South Africa said that the UN’s three pillars – peace and security, development, and human rights – are inseparable and mutually reinforcing, and none can be fully achieved without the others. The European Union added that the Human Rights Council should be recognised as a UN principal organ to ensure human rights have equal institutional weight alongside peace and development, even if current circumstances do not allow this change.

Ahead of the review, ISHR led a coalition of more than 50 organisations calling on Member States to use the 2026 review to strengthen the Council’s position in the UN system by elevating its status and thus placing human rights on an equal footing with the other pillars.

Elevating the Council’s status would have brought greater coherence to the UN architecture by aligning global human rights governance with the bodies responsible for security and development. It could also have strengthened the political weight of Council resolutions and recommendations, improved follow-up to its decisions, reinforced funding priorities, and enhanced the Council’s institutional independence from political pressures.

The review stems from the Council’s founding resolution. When the General Assembly established the Human Rights Council in 2006, Resolution 60/251 mandated a review of both its work and status within five years. 

The General Assembly subsequently addressed the review process through Resolution 65/281 and postponed the issue of the status to no later than 15 years after the initial review. June 2026 marked the deadline for the General Assembly to review the Council’s status.

In recent years, there have been several efforts – in 2019, 2021 and 2024 – to advance informal discussions in Geneva on the review of the Council’s status, including on whether Geneva-based stakeholders should contribute to the process. 

In early 2026, the Council’s President appointed Spain and Thailand as focal points to coordinate consultations in Geneva and liaise with the General Assembly’s co-facilitators in New York, the Ambassadors of Ireland and Senegal. Informal consultations subsequently took place in Geneva alongside negotiations in New York. 

With up to 15 years to go until the postponed review, States have the opportunity to pursue practical initiatives that strengthen and consolidate the Council’s role as the UN’s principal human rights body.

These reforms should include removing barriers to meaningful civil society participation, ensuring elections to the Council are competitive so that its members uphold the highest human rights standards, addressing selectivity and double standards through principled decision-making, and enabling the Council to bring relevant human rights situations formally to the attention of the Security Council, thereby contributing to prevention.

In addition, States should make it possible for the Council to request advisory opinions from the International Court of Justice on legal questions within its mandate, thereby strengthening normative development, legal clarity and accountability.
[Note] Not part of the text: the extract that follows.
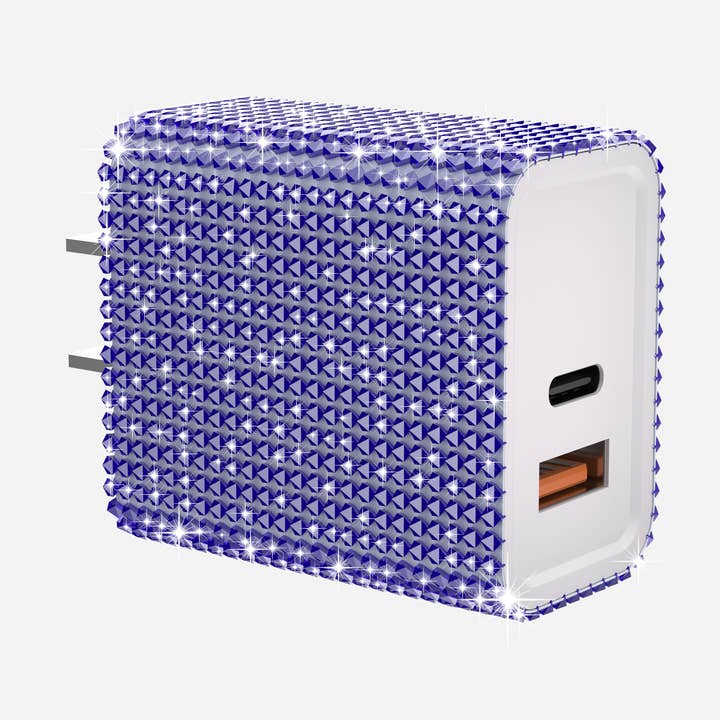 LAX Gadgets - Wholesale Portable Charger - Bling Wall Charger With Ip/Android- Multi-Color Retail Pack11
To improve efficiency and visibility, States should also consider allowing the Council to report directly to the General Assembly plenary, rather than through the Third Committee. 

Finally, States should mandate a cross-regional, independent, expert working group to trigger consideration of urgent human rights situations by the Council based on the consistent application of objective criteria, thereby addressing issues of selectivity and double standards in the application of human rights.

While the General Assembly has postponed a decision on the Council’s status, the need to strengthen the UN’s human rights pillar remains urgent. The coming years must be used to build a Human Rights Council that is fit for purpose and responds effectively to the gravest human rights violations and the needs of those it was built to serve, putting human rights at the centre of global politics.